Miguel d'Ors la encontró en Barcelona, en la calle Petritxol, en la librería Quera. Bécquer, más intenso, tras una pupila azul. Homero en el enfado monumental de Aquiles. Sherezade en el miedo a la espada del sultán. Celaya en el futuro y Paz en una pirámide azteca, mientras fumaba marihuana con sus amigos.

La literatura ha adquirido formas diversas, pero siempre ha estado acechando al lector. Los días después de conocerla, llevé a mi casa algunos libros prestados. Confesiones de un pequeño filósofo, de Azorín, fue el primero. En las páginas iniciales, un hombre se disponía a hablarme de su vida.

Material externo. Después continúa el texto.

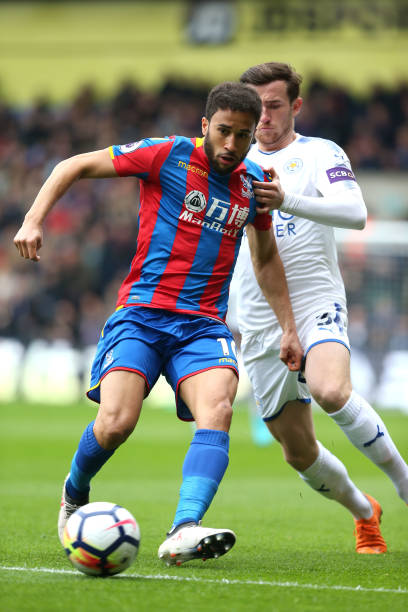 年轻球员的 年轻球员的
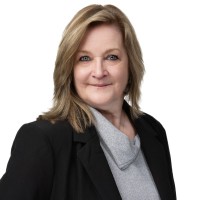 Janet Hewitt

Y los recuerdos que aparecían en sus manos eran escritores: Cervantes, Garcilaso, Gracián, Montaigne, Leopardi... nombres que lo observaban desde la memoria. Hombres que había conocido tiempo atrás, y que ahora lo espiaban en su escritorio, colocados en desorden en una estantería. La vida de un hombre empieza por sus lecturas. Se puede saber quién ha sido un hombre por los libros que ha leído. Y por los que ha dejado de leer

Uno encuentra en los libros amigos compartidos. Gente a la que se conoce en apenas unas páginas. Me identifico mucho con una fotografía de Borges en donde ya casi ciego, se afana en leer unas líneas más con una lupa. Cada vez que la contemplo me veo a mí mismo en mi cama. Me gustaba creer que la luz de mi cuarto era la única encendida de la ciudad. Lorca ya era, a esas alturas, Macondo. Me quedaba hasta tarde, con un libro regalado por mi hermano, que al irse a Granada me había dejado explorar su pequeña biblioteca. Cuentos fantásticos de Rubén Darío. Lo leí con auténtico pavor. El resultado fue doble: aumenté dos grados mi miopía. Me pusieron gafas. Pero también quedé hipnotizado por el misterio. Hay lecturas que están reservadas para la noche.

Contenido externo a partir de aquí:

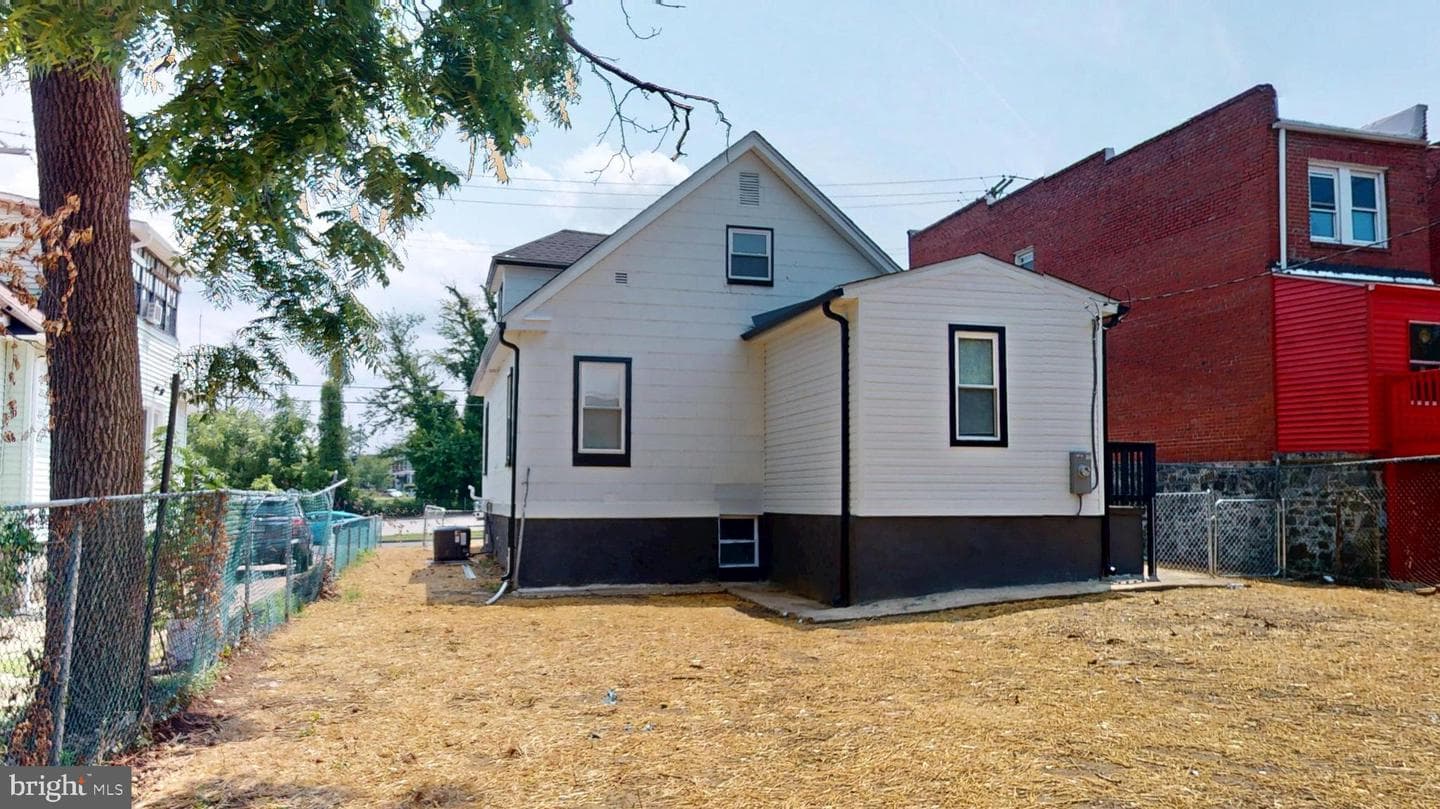 3024 Virginia Avenue photo 39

Vi por primera vez la literatura ese año, como les decía. Y fue un torrente que inundó mis cuadernos y mis horas sin previo aviso. Llegaron esos meses de otoño El camino, de Miguel Delibes, en una vieja edición de mi abuelo. Cuánto le debo yo a El Mochuelo y a su miedo a mirar las estrellas. Y a Andrés Hurtado, hablando de la vida como quien camina por una calle de Madrid. Y los viajes en tren de Machado, la fuente clara y el limonero, y esa niña, Leonor, que yo intuía en los poemas como una compañera de clase más, hasta que descubrí que El Espino era un cementerio de Soria. Y los insomnios de Neruda, donde apenas cabía el amor pero sí el olvido, con quien me sentía identificado a pesar de que yo no estaba enamorado de nadie. Fue ese año enamorarse un ejercicio de estilo. Practicar una metáfora. Ensayar un género literario. Lo descubrí como quien abre un libro.

Todo aquello sucedió con trece años, en el departamento de Lengua y Literatura del Instituto Ibáñez Martín de Lorca. Aún hoy, cuando miro el escaparate de una librería, dejándome querer por un nuevo título, descubro una sombra que me atraviesa. Y soy yo mismo, con esos trece años, entrando en ese departamento, llamado María Agustina. Con las manos en los bolsillos y rodeado de libros y miedo. Y soy yo conversando con tantos y tantos personajes que nacieron de aquellos días de instituto, a la sombra de títulos que hoy echo de menos, porque a los libros también se les siente lejos y se les extraña, como a un amigo lejano. Y soy yo, a través del escaparate, el que entra hacia ese departamento y da las gracias a ese profesor por haberle inculcado esta forma de leer el mundo que ya nunca se olvida.

Un instituto que hoy cumple 75 años y que ha enseñado a pensar y ser personas a muchas generaciones. El aleph al que uno vuelve cuando tiene miedo. Una república en armas contra la soledad, que diría Javier Egea. El lugar donde nacen todas las literaturas.